Task prompt | Set down each line of the material that follows exactly, and leave its pictures out.

Data section |
[Start of Attachment]

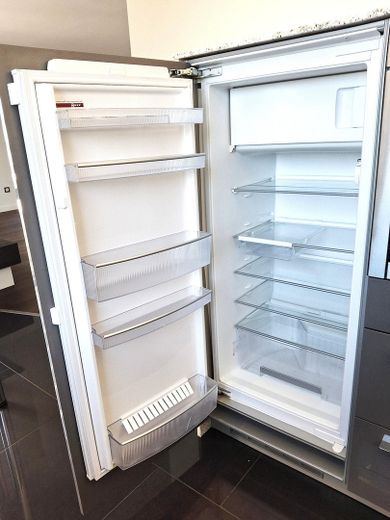 Exklusives Penthouse in Hamburg-Boberg, eigene Erdwärme, kein Hausgeld – Kühl- Gefrierkombination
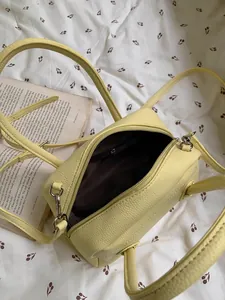Dettaglio dell'interno di una borsa a cuscino in pelle martellata giallo pallido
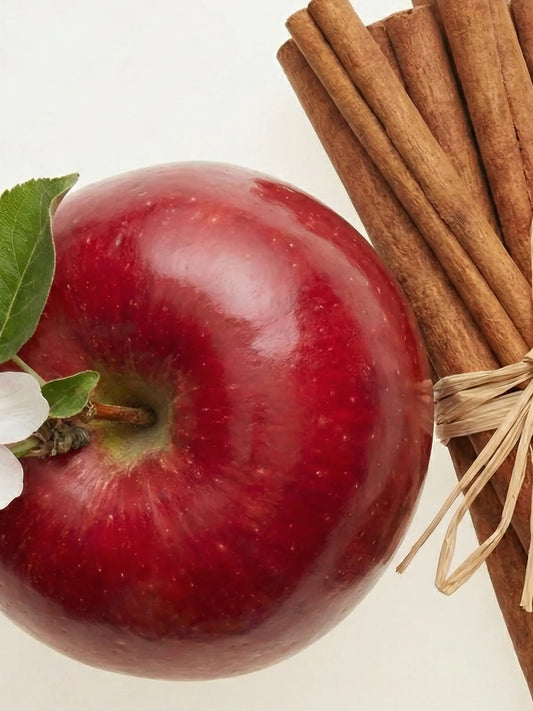 Nahaufnahme eines Apfels und Zimt.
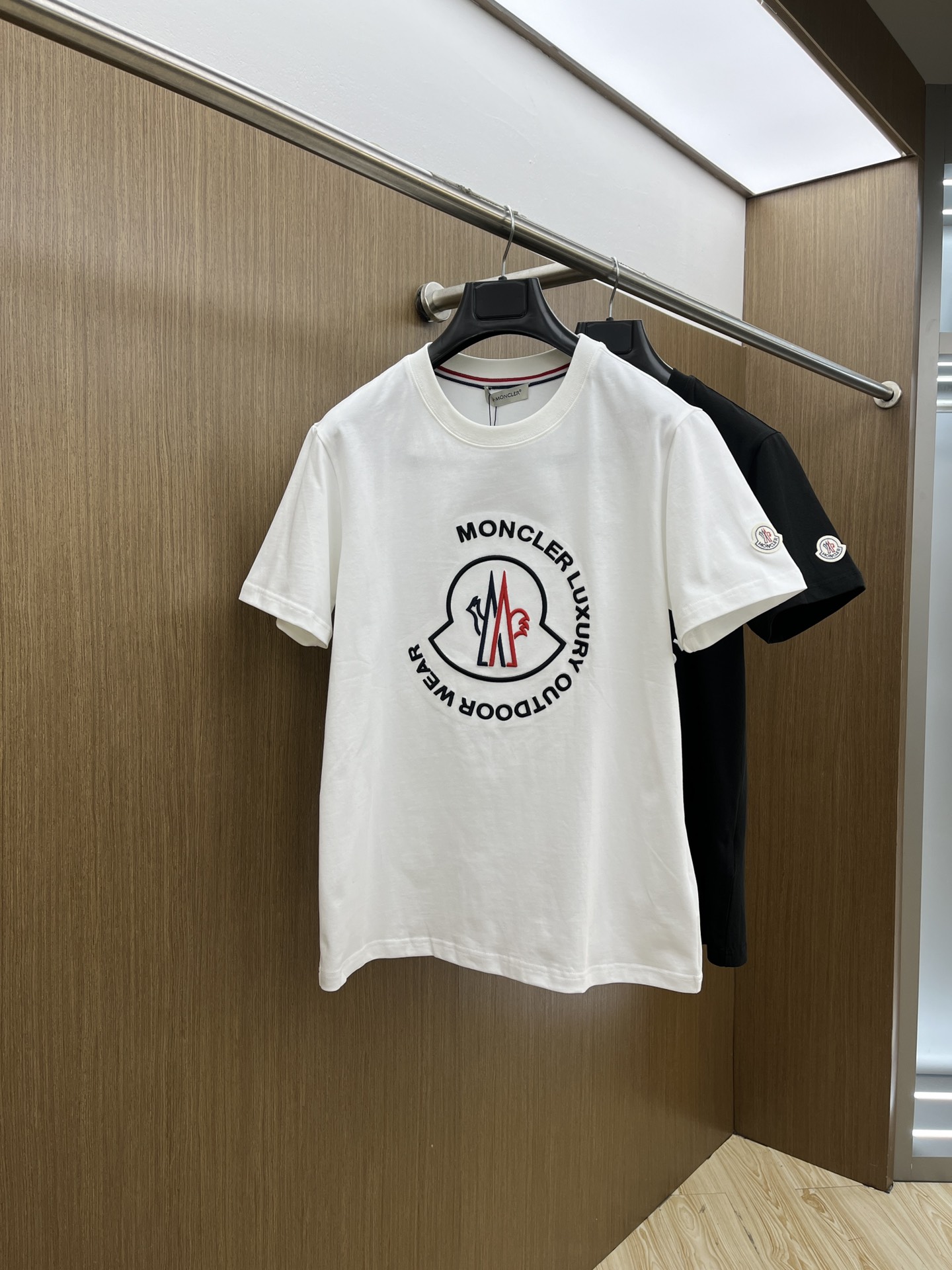 新款   Mon 🔥🔥高定面料 玉蚕丝般的丝滑 2025春夏新品上市🍃时尚经典圆领短袖👍🏻时尚单品设计，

[End of Attachment]

Exercise result |
 Exklusives Penthouse in Hamburg-Boberg, eigene Erdwärme, kein Hausgeld – Kühl- Gefrierkombination
Dettaglio dell'interno di una borsa a cuscino in pelle martellata giallo pallido
 Nahaufnahme eines Apfels und Zimt.
 新款   Mon 🔥🔥高定面料 玉蚕丝般的丝滑 2025春夏新品上市🍃时尚经典圆领短袖👍🏻时尚单品设计，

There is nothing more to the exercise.